Institutional investors need anchors. These are the closest comparable entertainment venue transactions in the Las Vegas and national market.
| Transaction | Implied Value |
|---|---|
| Vici Properties / MGM Grand | $625/SF |
| Brooklyn Bowl LV (LINQ) | ~$400M enterprise (portfolio) |
| The Sphere (MSG) | $131K/seat build cost |
| Park MGM Theater Renovation | ~$450/SF renovation |
| The Arena (Proposed) | $466/SF · $21K/seat |
The Arena's $21K/seat all-in development cost compares favorably to The Sphere at $131K/seat ($131,000 per seat) and new-build arenas at $40K–$80K/seat. The adaptive reuse model - preserving the 151,200 SF shell - delivers institutional-quality construction at a fraction of ground-up costs.
Adjust the assumptions below and watch the financial model recalculate in real time. Stress-test the numbers yourself - every investor should.

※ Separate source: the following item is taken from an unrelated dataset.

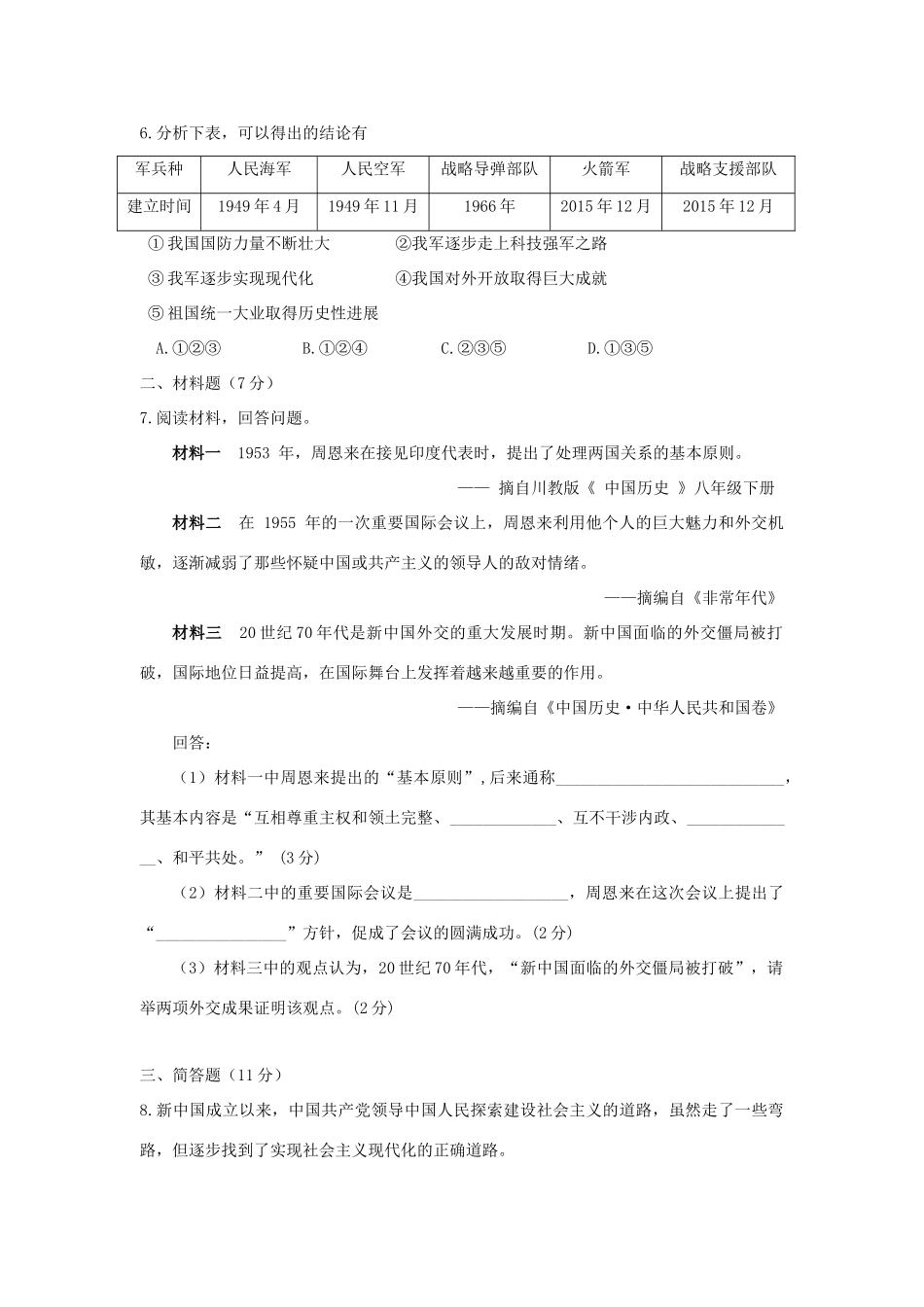 宁夏中考历史真题试卷(含答案)试卷_第2页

| Avg Attendance | 2,520 |
| Ticket Revenue | $42.6M |
| F&B Revenue | $21.0M |
| Ancillary Revenue | $11.2M |
| Total Revenue | $89.8M |
| Operating Expenses | ($44.7M) |
| EBITDA | $45.1M |
| EBITDA Margin | 50.2% |
| Debt Service | ($5.85M) |
| Net After Debt | $39.2M |
DSCR: 7.7x · Payback: ~2.0 years
Interactive model for illustration only. Ancillary revenue (gym, sponsorships, naming rights, parking, media, retail) held constant at $11.2M. OpEx scales with event count. All projections are management estimates.